**Problem to work on:**
Below are the records; give again exactly the line with "Preview of Energy", the line with "Elenzga Soft &", and each line that lies between them, and nothing besides.

**Dataset content:**
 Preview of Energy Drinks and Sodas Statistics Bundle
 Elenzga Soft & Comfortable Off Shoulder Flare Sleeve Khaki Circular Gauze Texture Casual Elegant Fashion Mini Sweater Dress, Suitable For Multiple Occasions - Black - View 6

...

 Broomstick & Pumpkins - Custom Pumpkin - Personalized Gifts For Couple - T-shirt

==

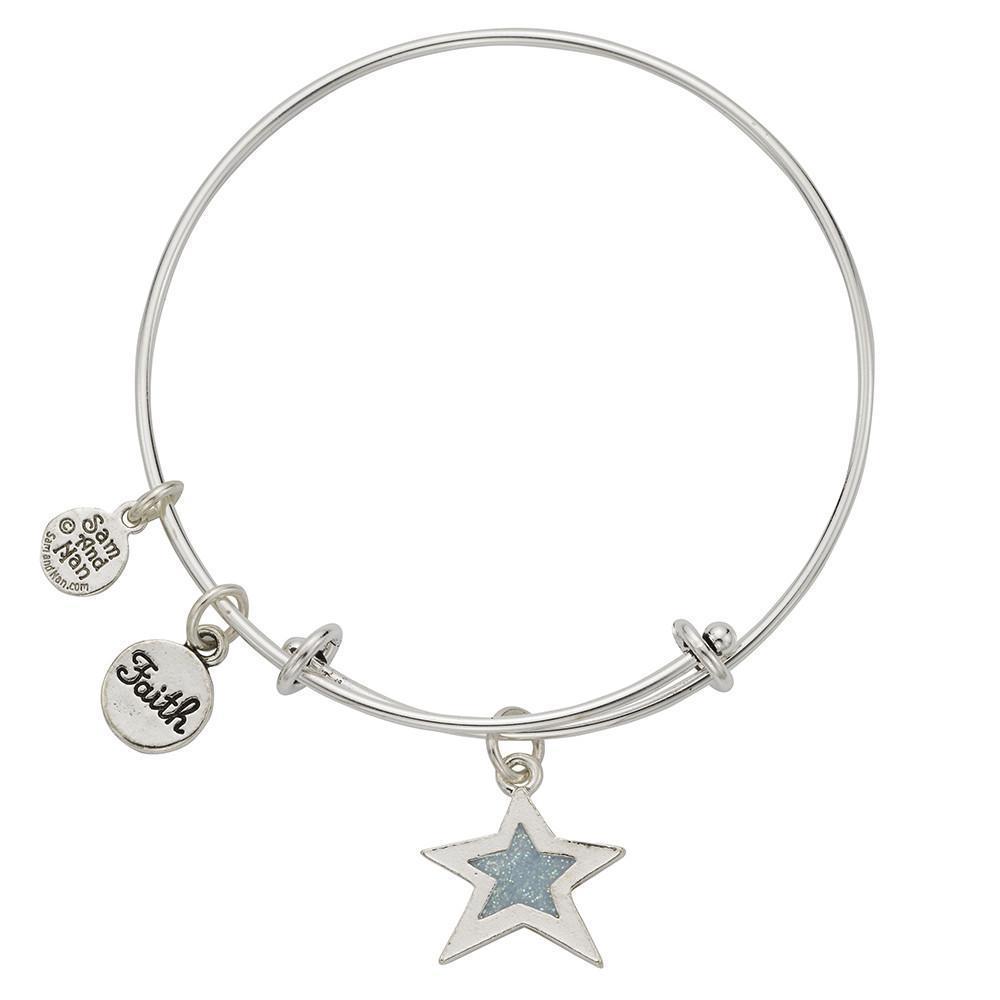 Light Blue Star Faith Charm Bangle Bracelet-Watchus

**Your response:**
 Preview of Energy Drinks and Sodas Statistics Bundle
 Elenzga Soft & Comfortable Off Shoulder Flare Sleeve Khaki Circular Gauze Texture Casual Elegant Fashion Mini Sweater Dress, Suitable For Multiple Occasions - Black - View 6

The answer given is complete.